EE Suspension forces all threads to be preemptive. When a thread gets to preepmptive state, its state is stored in GC Info structure. Thanks to it, when resume occurs, each thread will continue right where it finished.
Safe points are during calls to other methods. There is actually a special GC poll method that forces a safe point to occur. It’s used in various strategic places in runtime code, but it might also get placed in app code by JIT, especially in loops of long/undefined iterations count. JIT might also emit code that is “fully interruptible” - in such code, not only method calls are safe, but every instruction invocation is safe. That’s pretty expensive though, because every instruction needs to have GC Info.
Mark Phase
As described in Garbage Collection article, a part of GC is Mark Phase. This is when GC looks for objects that are still alive. Mark Phase cannot just traverse the whole graph of objects, cause it would invalidate the whole idea of generations. Younger generations should be collected more often than older generations, as we established before. Traversing the whole graph would take us through a mix of generations. Objects from younger generations might point to older generation objects, and vice versa. If we marked only objects that are reachable from young generations, we would end up deleting objects that are still needed (but are pointed to only from older generatin objects).
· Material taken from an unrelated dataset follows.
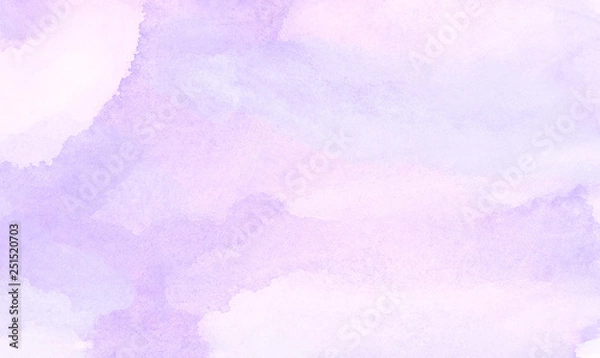 Fototapeta Vintage jasnofioletowe farby akwarelowe ręcznie rysowane ilustracja z teksturą ziarna papieru do projektowania aquarelle. Streszczenie grunge fioletowy gradient fioletowy kolor wody artystyczny pędzel rozchlapać tło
So, in addition to traversing from young objects, GC keeps a RememberedSet. RememberedSet
contains references from older to younger generations. When collecting younger generation, both
traversal in young generation and RememberedSet are checked.
For young-to-old references, a similar issue would occur. Traversing objects in gen 1 would not mark
objects that are referenced only from gen 0. Another RememberedSet would be needed. It’s
non-trivial to have it, so instead the following assumption has been agreed on:
Collection in gen N collects also all previous generations! So, for example, a Gen 2 collection would also collect 0 and 1.
The following collections are possible then:
- only 0
- 0 and 1
- 0, 1, 2, LOH (full GC)
RememberedSet is updated anytime some older generation object has some reference added to
younger generation object. It’d be a huge overhead to check such condition everytime, so it’s heavily
optimized and done only when needed by JIT compiler. This check is done in the Write Barrier of
Mutator.
RememberedSet is implemented in a bit more convoluted way than just as a collection of data.
It’s implemented with the help of Card Tables. That’s because managing references
per every single older generation object would be an overkill in apps with lots of objects.
Instead, the memory of older generation is divided into 256 byte-wide regions (on 64-bit runtime)
and every region might contain some objects (0 or more).
Anytime a reference is written into some object in older generation, its region (card) is marked
dirty. When collection of younger generation occurs, both traversals in young gen and dirty cards
are checked to find all reachable objects. One card is 1 bit (dirty/clean) in memory.
Management of Card Table happens during Write Barrier. There are a few implementations of Write Barrier and runtime will use any of them depending on various conditions.
With Card Table technique, GC tracks groups of objects instead of tracking them individually. Still, there’ll be lots of cards for apps that use lots of memory. Therefore, runtime does not check cards individually. Instead, it creates words (and even bundles) of cards. Each bit in a bundle represents 1024 cards. So, when if a given bundle card is clean, we can skip 1024*256 bytes of memory from reference scanning! It saves a lot of time, which is important, because young generation collections must be fast.
When Mark Phase occurs, GC “knows” which gens will be collected, otherwise it’d have to go back to Mark Phase to check some potential higher gen.
Implementation Details
Objects get marked (as reachable) by modifyng the MethodTable pointer. The space for the pointer is actually bigger than necessary and two lowest bits are unused, so it’s safe to modify 1 bit of it. The modified bit will be reset back during the Plan Phase (to prepare it for potential next Mark Phase).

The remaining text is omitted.